Brahms once claimed that he slept with the score of his Alto Rhapsody under his pillow. Whether this was true is doubtful, but there is little doubt that the work is his most forceful reflection on his own scarred emotional life - a sequence of platonic attachments to idealised women interspersed with encounters with prostitutes.
A bitter study of alienation, the Rhapsody has often been compared to Schubert's Winterreise, with which it shares some of its imagery as a solitary male figure stumbles through a denuded winter landscape that mirrors his anguish. But the tone is different. While Schubert's narrator is protagonist, Brahms's alto is commentator, and tragedy slides towards ambivalent optimism as she pleads with God that the hero might find some eventual solace.
Performances are rare. Assembling the requisite forces is tricky - it runs for only 15 minutes, but the alto is supported by a male chorus singing music of great difficulty. But Charles Mackerras and the Scottish Chamber Orchestra chose it as the centrepiece of their end-of-season concert.
Mackerras's soloist was Marjana Lipovsek, a thrilling, if at times erratic, vocal actor, who intoned both text and music with furious intensity, plumbing depths of tragedy without becoming sentimental. Mackerras underpinned her declamation with austere tremolos and churning strings. Using the small SCO Chorus in place of the massed male voice choirs that some conductors favour spoke volumes in the final sections, in which Lipovsek's prayer, growing more urgent with each repetition, was echoed by the choir rather than swamped by it. The whole was a harrowing experience, second to none in sheer power.

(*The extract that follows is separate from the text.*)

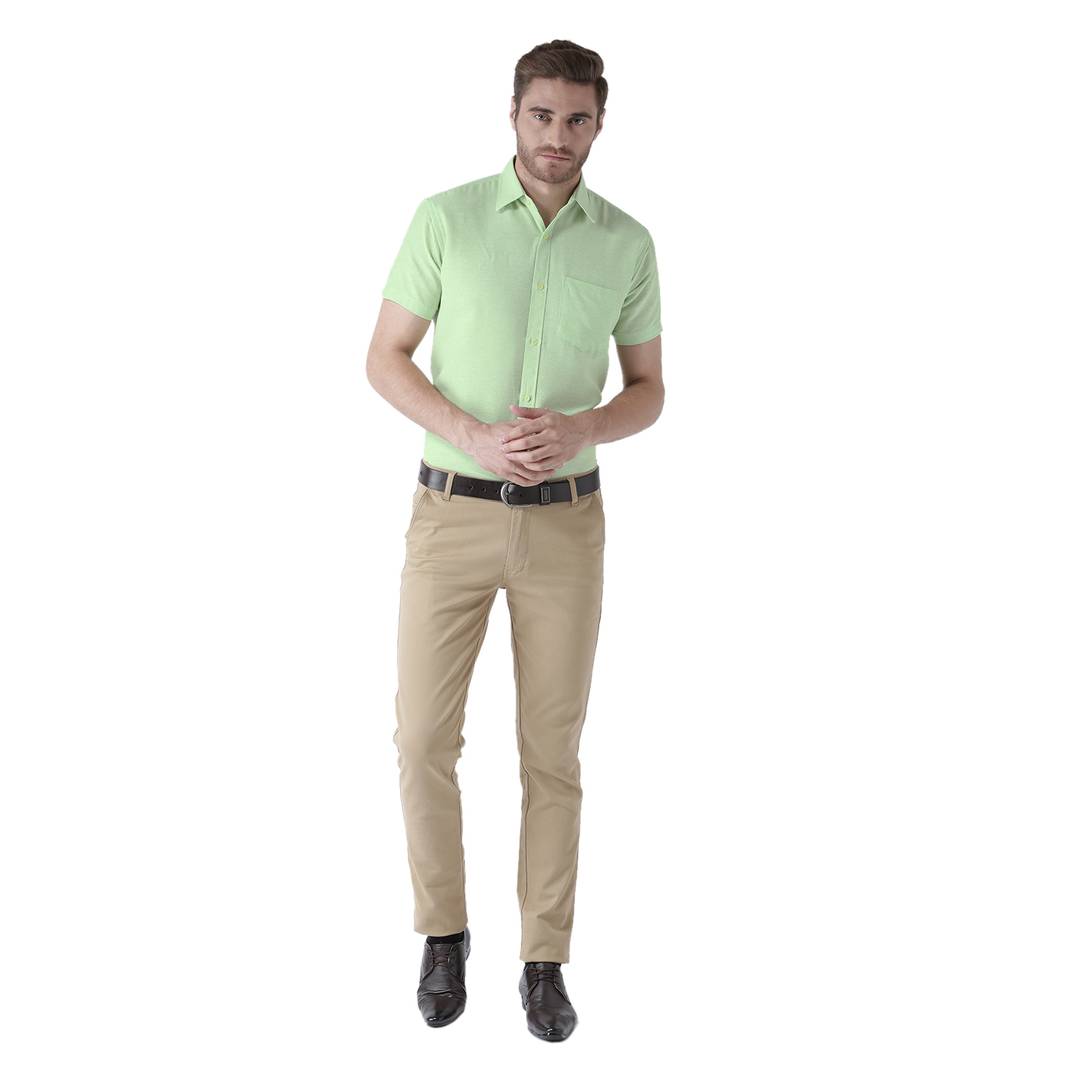 Green Cotton Half Sleeve Solid Formal Shirt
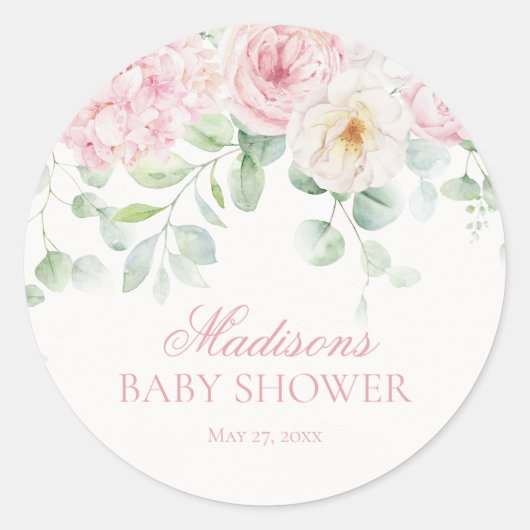 Roze Bloemen Baby in Bloom Baby shower Uitnodigen Ronde Sticker (Voorkant)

Mackerras prefaced the work with the Variations on the St Anthony Chorale, in which he exposed layers of extraordinary counterpoint as the famous theme, once attributed to Haydn, is first deconstructed and then resurrected. This was followed by the First Symphony, immaculately judged in its progression from tragedy to elation. Mackerras's understanding of the relationship between feeling and form in Brahms's music was matchless. A truly great concert.